_ACTIVITY_. Please print all of the records that follow with nothing altered.

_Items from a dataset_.

------

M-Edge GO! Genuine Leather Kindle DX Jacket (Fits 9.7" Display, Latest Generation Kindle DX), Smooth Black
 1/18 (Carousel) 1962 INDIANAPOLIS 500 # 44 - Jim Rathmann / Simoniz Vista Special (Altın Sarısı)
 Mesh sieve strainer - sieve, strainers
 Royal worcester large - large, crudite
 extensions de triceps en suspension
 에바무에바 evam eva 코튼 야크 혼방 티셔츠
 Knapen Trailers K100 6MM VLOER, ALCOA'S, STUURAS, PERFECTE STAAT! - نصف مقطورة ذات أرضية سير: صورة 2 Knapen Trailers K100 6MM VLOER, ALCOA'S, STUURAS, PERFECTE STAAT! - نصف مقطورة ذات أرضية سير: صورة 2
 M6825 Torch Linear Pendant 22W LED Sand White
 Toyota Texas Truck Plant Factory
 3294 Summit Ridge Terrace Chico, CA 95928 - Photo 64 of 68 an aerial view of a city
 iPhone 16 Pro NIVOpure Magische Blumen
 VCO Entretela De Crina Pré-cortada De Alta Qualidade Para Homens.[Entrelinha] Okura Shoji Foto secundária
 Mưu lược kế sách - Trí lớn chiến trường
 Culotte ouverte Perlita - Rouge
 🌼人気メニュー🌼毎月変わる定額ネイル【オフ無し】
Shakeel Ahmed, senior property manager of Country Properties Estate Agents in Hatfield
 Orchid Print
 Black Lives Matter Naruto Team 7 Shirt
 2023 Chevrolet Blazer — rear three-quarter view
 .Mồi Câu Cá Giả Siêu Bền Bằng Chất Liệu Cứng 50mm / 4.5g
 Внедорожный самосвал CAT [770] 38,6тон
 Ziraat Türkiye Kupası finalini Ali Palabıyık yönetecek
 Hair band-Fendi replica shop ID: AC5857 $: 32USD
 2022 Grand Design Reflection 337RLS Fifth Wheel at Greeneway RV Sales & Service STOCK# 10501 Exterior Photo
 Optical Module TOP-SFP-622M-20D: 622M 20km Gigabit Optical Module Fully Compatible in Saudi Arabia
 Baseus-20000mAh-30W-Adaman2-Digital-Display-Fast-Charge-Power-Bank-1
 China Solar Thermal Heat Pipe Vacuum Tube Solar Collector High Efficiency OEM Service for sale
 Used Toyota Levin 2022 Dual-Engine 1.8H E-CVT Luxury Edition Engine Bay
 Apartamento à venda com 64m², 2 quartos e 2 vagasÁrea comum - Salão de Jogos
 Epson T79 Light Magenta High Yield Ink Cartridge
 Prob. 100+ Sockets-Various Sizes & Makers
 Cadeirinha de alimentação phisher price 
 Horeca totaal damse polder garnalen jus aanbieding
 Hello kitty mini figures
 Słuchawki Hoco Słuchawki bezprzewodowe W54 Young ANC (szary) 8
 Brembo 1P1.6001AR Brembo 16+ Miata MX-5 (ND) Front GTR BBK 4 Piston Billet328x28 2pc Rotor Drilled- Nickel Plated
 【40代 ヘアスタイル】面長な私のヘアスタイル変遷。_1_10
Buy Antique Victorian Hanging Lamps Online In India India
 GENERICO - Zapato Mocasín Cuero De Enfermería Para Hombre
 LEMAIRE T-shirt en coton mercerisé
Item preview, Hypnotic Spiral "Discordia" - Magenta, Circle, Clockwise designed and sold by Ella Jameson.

------

_OUTPUT OF THE EXERCISE_.
M-Edge GO! Genuine Leather Kindle DX Jacket (Fits 9.7" Display, Latest Generation Kindle DX), Smooth Black
 1/18 (Carousel) 1962 INDIANAPOLIS 500 # 44 - Jim Rathmann / Simoniz Vista Special (Altın Sarısı)
 Mesh sieve strainer - sieve, strainers
 Royal worcester large - large, crudite
 extensions de triceps en suspension
 에바무에바 evam eva 코튼 야크 혼방 티셔츠
 Knapen Trailers K100 6MM VLOER, ALCOA'S, STUURAS, PERFECTE STAAT! - نصف مقطورة ذات أرضية سير: صورة 2 Knapen Trailers K100 6MM VLOER, ALCOA'S, STUURAS, PERFECTE STAAT! - نصف مقطورة ذات أرضية سير: صورة 2
 M6825 Torch Linear Pendant 22W LED Sand White
 Toyota Texas Truck Plant Factory
 3294 Summit Ridge Terrace Chico, CA 95928 - Photo 64 of 68 an aerial view of a city
 iPhone 16 Pro NIVOpure Magische Blumen
 VCO Entretela De Crina Pré-cortada De Alta Qualidade Para Homens.[Entrelinha] Okura Shoji Foto secundária
 Mưu lược kế sách - Trí lớn chiến trường
 Culotte ouverte Perlita - Rouge
 🌼人気メニュー🌼毎月変わる定額ネイル【オフ無し】
Shakeel Ahmed, senior property manager of Country Properties Estate Agents in Hatfield
 Orchid Print
 Black Lives Matter Naruto Team 7 Shirt
 2023 Chevrolet Blazer — rear three-quarter view
 .Mồi Câu Cá Giả Siêu Bền Bằng Chất Liệu Cứng 50mm / 4.5g
 Внедорожный самосвал CAT [770] 38,6тон
 Ziraat Türkiye Kupası finalini Ali Palabıyık yönetecek
 Hair band-Fendi replica shop ID: AC5857 $: 32USD
 2022 Grand Design Reflection 337RLS Fifth Wheel at Greeneway RV Sales & Service STOCK# 10501 Exterior Photo
 Optical Module TOP-SFP-622M-20D: 622M 20km Gigabit Optical Module Fully Compatible in Saudi Arabia
 Baseus-20000mAh-30W-Adaman2-Digital-Display-Fast-Charge-Power-Bank-1
 China Solar Thermal Heat Pipe Vacuum Tube Solar Collector High Efficiency OEM Service for sale
 Used Toyota Levin 2022 Dual-Engine 1.8H E-CVT Luxury Edition Engine Bay
 Apartamento à venda com 64m², 2 quartos e 2 vagasÁrea comum - Salão de Jogos
 Epson T79 Light Magenta High Yield Ink Cartridge
 Prob. 100+ Sockets-Various Sizes & Makers
 Cadeirinha de alimentação phisher price 
 Horeca totaal damse polder garnalen jus aanbieding
 Hello kitty mini figures
 Słuchawki Hoco Słuchawki bezprzewodowe W54 Young ANC (szary) 8
 Brembo 1P1.6001AR Brembo 16+ Miata MX-5 (ND) Front GTR BBK 4 Piston Billet328x28 2pc Rotor Drilled- Nickel Plated
 【40代 ヘアスタイル】面長な私のヘアスタイル変遷。_1_10
Buy Antique Victorian Hanging Lamps Online In India India
 GENERICO - Zapato Mocasín Cuero De Enfermería Para Hombre
 LEMAIRE T-shirt en coton mercerisé
Item preview, Hypnotic Spiral "Discordia" - Magenta, Circle, Clockwise designed and sold by Ella Jameson.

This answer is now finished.